Her general physical and systemic examinations were normal. Cutaneous examination showed multiple cutaneous and subcutaneous nodules 0.5 to 2.5 cm in size in a bilateral symmetrical distribution over both ankles, shin, buttocks and sides of the legs. The lesions were yellowish white in colour with minimal perilesional erythema, firm in consistency and not fixed to the underlying structures. A few had ulcerated. There was no facial erythema, oral ulceration, finger tip ulceration or scars, nail fold capillaries, sclerodactyly and telangiectasia. Raynaud's phenomena could not be elicited. Examination of the musculo-skeletal system did not reveal any abnormality.
Laboratory investigations revealed a normal haemogram, serum calcium, phosphate, uric acid and fasting blood sugar. Muscle enzymes aldolase and creatinine phosphokinase were also within normal limit. Antinuclear antibody, LE cell, rheumatoid factor, and C-reactive protein were negative. VDRL was non-reactive and serum complement 3 was normal. 24 hours urinary excretion of calcium, barium swallow, pulmonary function tests, chest X-ray and EKG were all normal.

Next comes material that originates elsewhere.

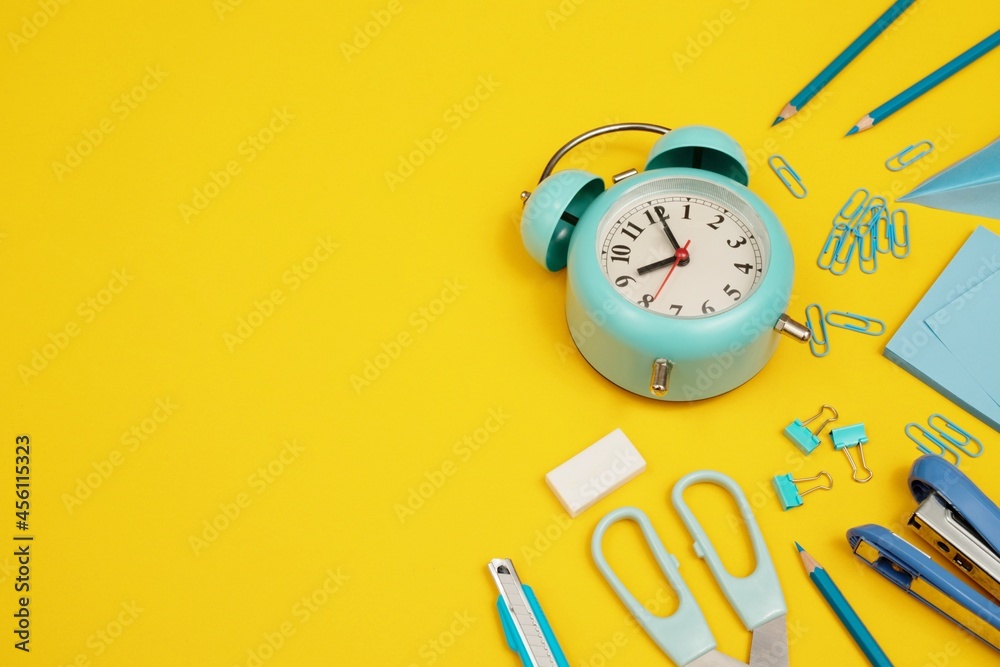 Blue clock with various devices placed on a yellow background. Blue clock with various devices placed on a yellow background.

Radiography of limbs revealed multiple subcutaneous dense opacities over lower limbs corresponding to the clinical lesions.
Histopathology from one of the nodules on H & E section revealed a normal epidermis with multiple deep blue granules in the dermis, which were suggestive of calcium on Von Kossa's stain. There was a mild gaint cell reaction around the deposits along with chronic inflammatory cells and fibrosis. Degeneration of collagen was also seen at some places.
Normal serum biochemistry and absence of calcification in any other organ rules out the possibility of metastatic calcification in our patient. Also normal density and preserved architecture of the bones militates against the possibility of hyperparathyroidism. The patient denied taking excess of vitamin D preparations, milk or alkalis. The clinical examination, laboratory investigations, pulmonary function tests and radiography ruled out the possibility of any connective tissue disorder such as scleroderma or dermatomyositis. The classical clinical picture and histopathology with calcification in subcutaneous tissue helped us to clinch the diagnosis.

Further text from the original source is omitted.